# Mesh for new bumper



## UnosGirl (Jan 31, 2004)

*Hey guys, I was wondering if anyone knows a place where I can get some mesh for the bottom of my new bumper? or does any of you guys make 'em? I've found some on Ebay but I was wondering if I could get around paying $11 shipping for it? Anyone???*


----------



## Radioaktiv (Feb 12, 2004)

ebay is gonna be about the cheapest place to get metal mesh

unless you're looking for plastic..in which i bought a roll of gutter mesh at Home Depot for like $3


----------



## 1CLNB14 (Apr 30, 2002)

I found some really nice mesh at a local metal supplier.

Very nice stuff, but it is a bit expensive.
You do get a ton of it, so it would be smart to go in on it with a couple other people than need mesh.
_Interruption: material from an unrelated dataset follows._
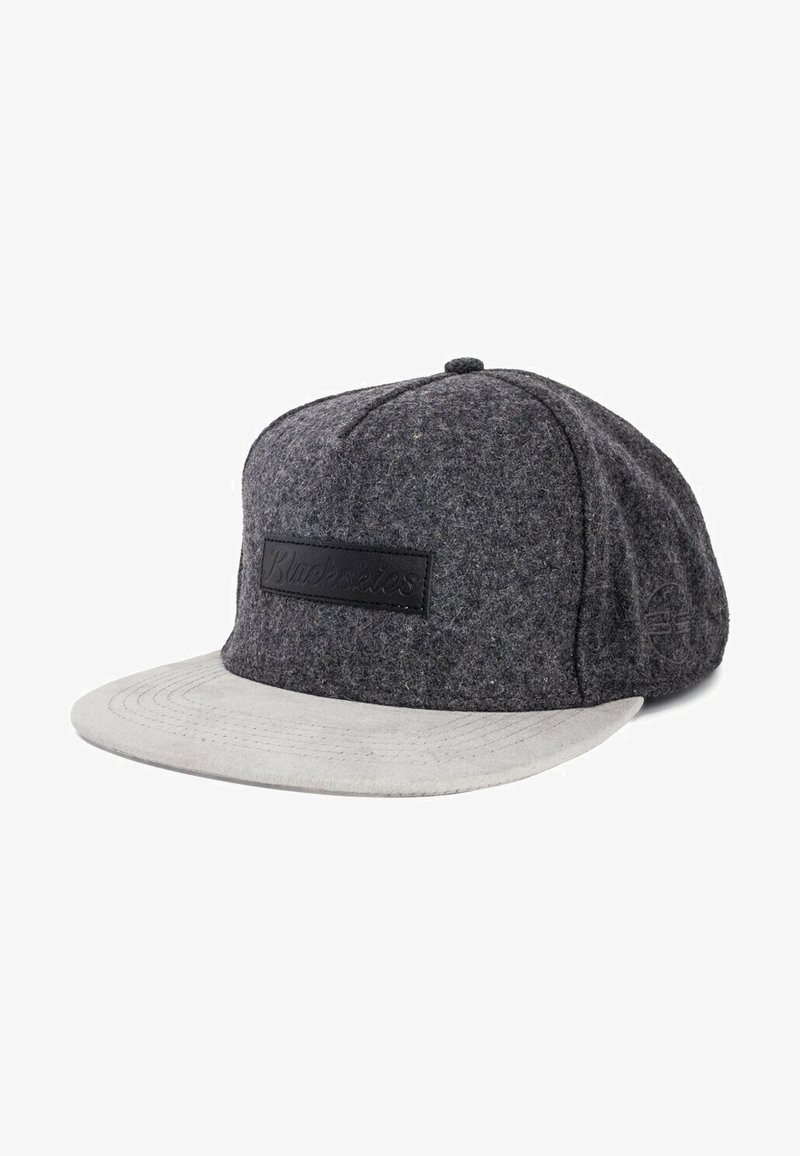Gray wool cap with a flat gray brim, featuring a black branded patch on the front and subtle stitching details. Textured fabric finish.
Just look in the yellow pages for metal supply companies....


----------



## Triple_T (Mar 18, 2004)

best stuff to get is metal Lathe, i got mine from my local builders supply, its got the diamond shape mesh, and what you do is double layer it, it looks sweet


----------



## Pat200sx (Jan 29, 2004)

here what i used.. picked up this metal mesh from home depot for next to nothing...


----------



## dmanars (Apr 7, 2004)

Triple_T said:


> best stuff to get is metal Lathe, i got mine from my local builders supply, its got the diamond shape mesh, and what you do is double layer it, it looks sweet


ahh I feel stupid. I was wondering if doubleing the layer would look ok. Because just using one layer sucks. You can see right through it and it bends so easily. I was thinking mabe if I painted it silver it wouldnt be so transparent. :dumbass:


----------



## 1CLNB14 (Apr 30, 2002)

Here is a pic of the mseh I picked up from the metal supply place.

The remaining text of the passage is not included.